Viewpoint: How US healthcare system affects physicians' moral wellbeing

Moral injury is a phrase rooted in war history used to describe how soldiers would justify difficult actions taken during combat, but Lisa Doggett, MD, realized she and other medical professionals were experiencing a similar feeling related to patient care.

Dr. Doggett worked in community clinics in the Austin, Texas region for many years and is now the senior medical director at Sagility — formerly known as HGS AxisPoint Health. 

Watching her patients navigate a strained healthcare system often led to a moral and mental strain she was left with after the fact, she explains in a narrative published Aug. 2 by NPR.  

When a patient needs care urgently, but expresses they cannot afford costs associated with something like an unplanned visit to the ER, clinicians are left wondering if convincing them to go and get the care they need does more harm than good. 

"I have to steel myself against overwhelming feelings of helplessness when I'm there, wanting to assist, not knowing how," Dr. Doggett writes. 

Patients who come in with unmet needs ranging from needing better shoes, stable housing, or a medication they can't always afford can be challenging to file away as "cared for" even after giving them the care they came in to get, because patient needs and challenges often reach beyond health system walls, she explains. 

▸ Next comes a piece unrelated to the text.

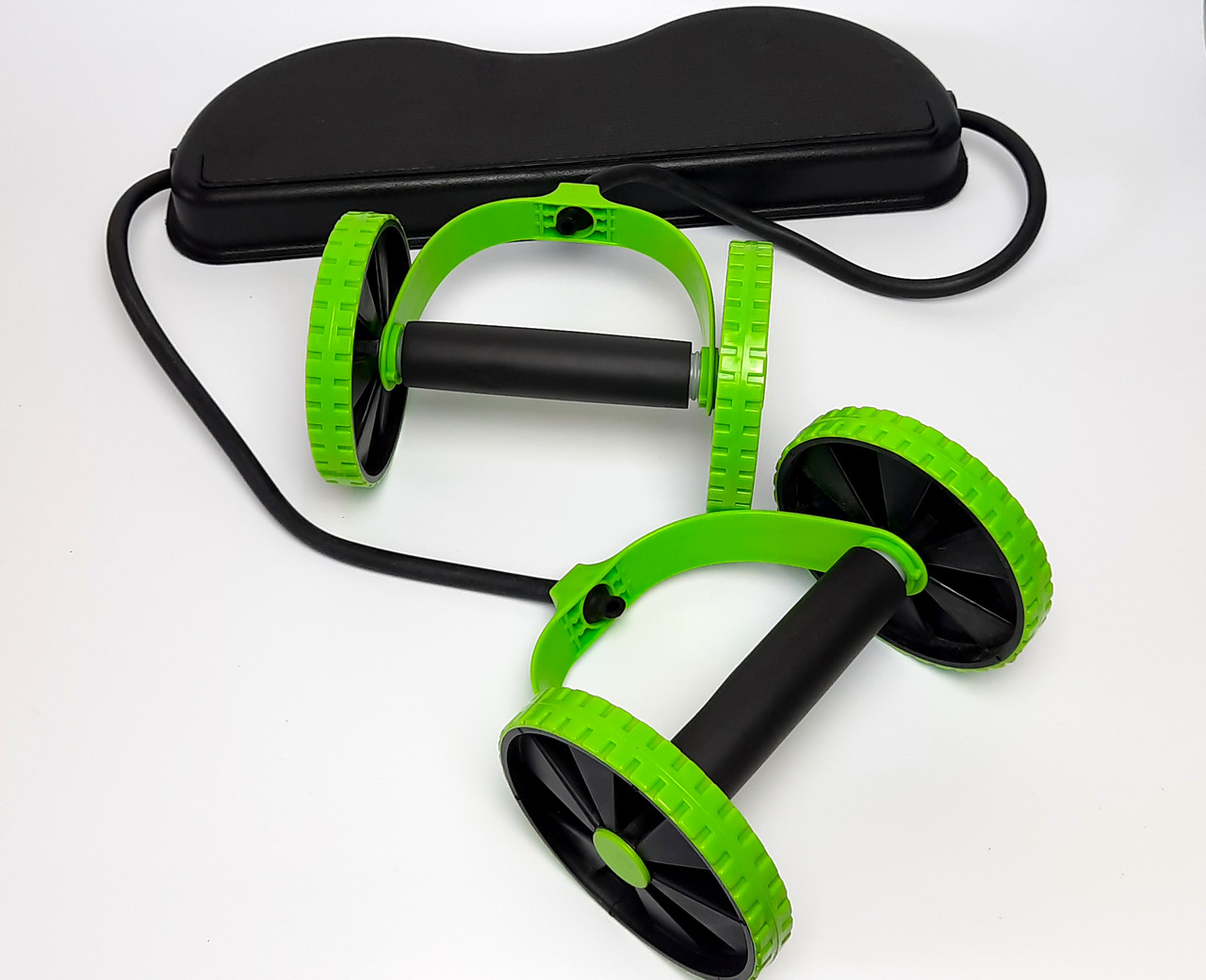 Тренажер Revoflex Xtreme для фітнесу - універсальний домашній тренажер для преса, сідниць, силовий тренажер, фото 1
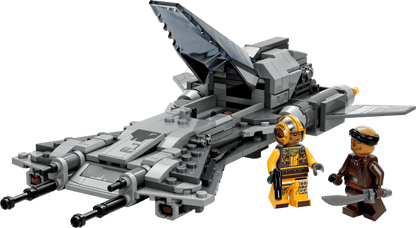 LEGO 75346 Star Wars Pirate Snub Fighter | 285 PCS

This moral injury can further exacerbate the burnout physicians feel even at well-resourced hospitals and clinics, she argues. 

"Despite some efforts to move away from a 'fee-for-service' payment model, in most cases, our system still rewards volume of patients seen over value of care provided," Dr. Doggett explains. 

The path to true change, Dr. Doggett says, must be paved with more robust social determinants of health, participation and further collaboration with social workers, caregivers, therapists and better technologies to navigate a patient's history.